Publisher: Wilwahren Press

ISBN: 13 978-0-9960885-0-3

The Crystal Navigator by Nancy Kunhardt Lodge is the story about eleven year old Lucy Nightingale. During a class presentation, Lucy blanks out and faints. Humiliated, Lucy resolves to redeem herself by getting an “A” on her next oral presentation. Her next presentation, however, is a challenge. She needs to find out what Botticelli’s Primavera, Leonardo da Vinci’s Mona Lisa, Michelangelo’s Sistine Ceiling, Jacopo Pontormo’s Four Women and Vincent Van Gogh’s Starry Night tell her about the personality of the artists. In order to get that “A” and recover her floundering confidence, Lucy wants firsthand information. She wants it from the artists themselves. Through crystals, wavelengths, friendship, wishing, hoping, belief and some magic she contacts a Wise One who turns out to a Corgi named Wilbur. Using a crystal navigator Wilbur takes her back in time to meet the artists and get the answers for her assignment. The artists turn out to be people with their own issues, quirks, conflicts, or doubts. Lucy gets the answers but through the artists and Wilbur she also gains self-confidence and can face her class and present her assignment.
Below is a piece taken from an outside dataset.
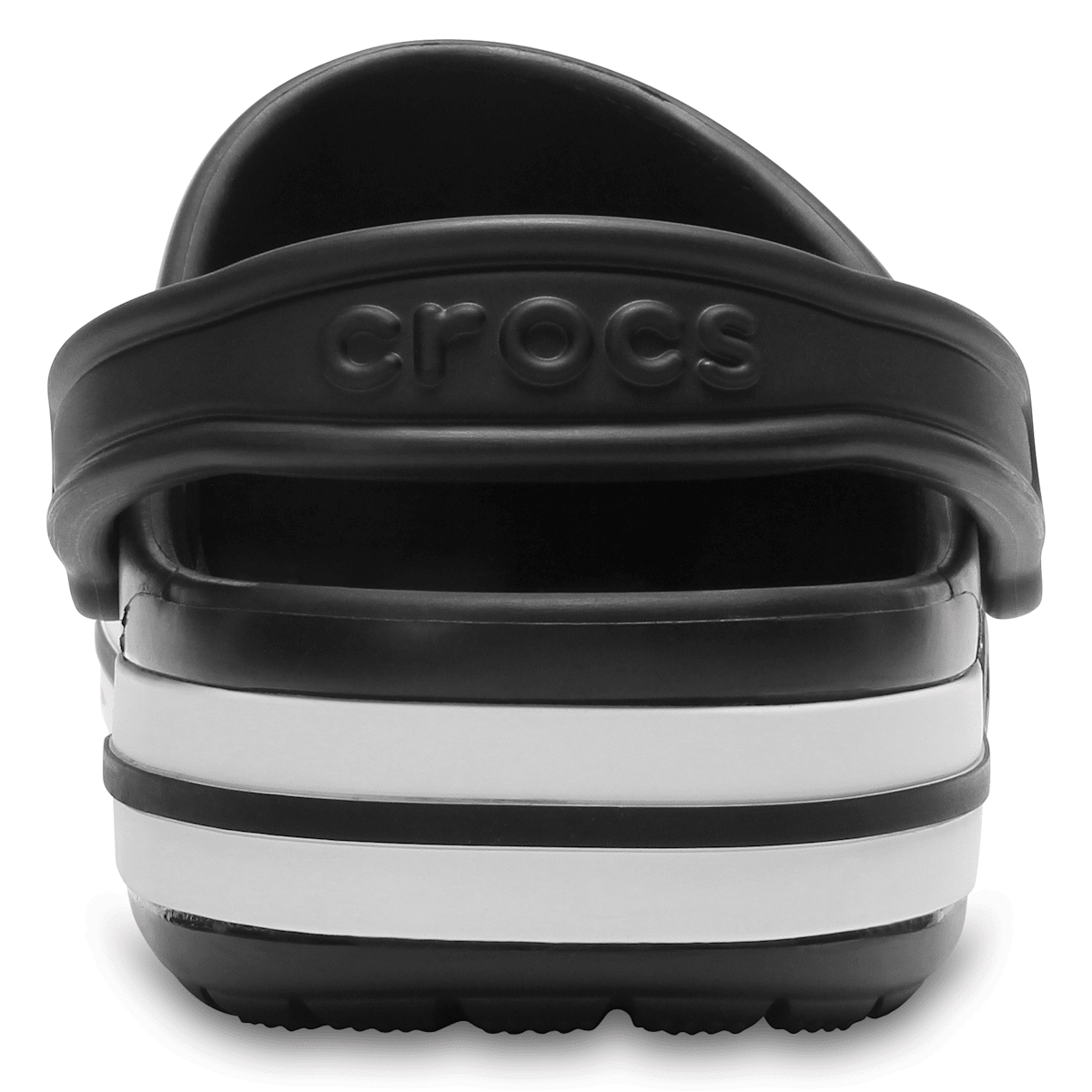 Bayaband Clog - Black / White - Image 6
The Crystal Navigator is a middle grade fantasy along the same lines as The Wizard of Oz and Alice in Wonderland. Just like Dorothy and Alice, Lucy sets off on a wild and fantastical journey where she encounters truths about people, objects or animals in order to bolster her confidence. She returns to the real world reborn and enlightened. The novel is therefore not just for middle graders but appropriate for any reader who enjoys allegorical stories. It is also a fun introduction to art history. It brings to life five master painters, their culture and time, and the meanings or background of their paintings. Da Vinci’s Lisa might have been a fun-loving teenager with lots of attitude but learning that Jacopo Pontormo was a recluse who only ate boiled eggs was very interesting.

The Crystal Navigator is not long but it packs a big punch and makes the reader want to wish upon a star again.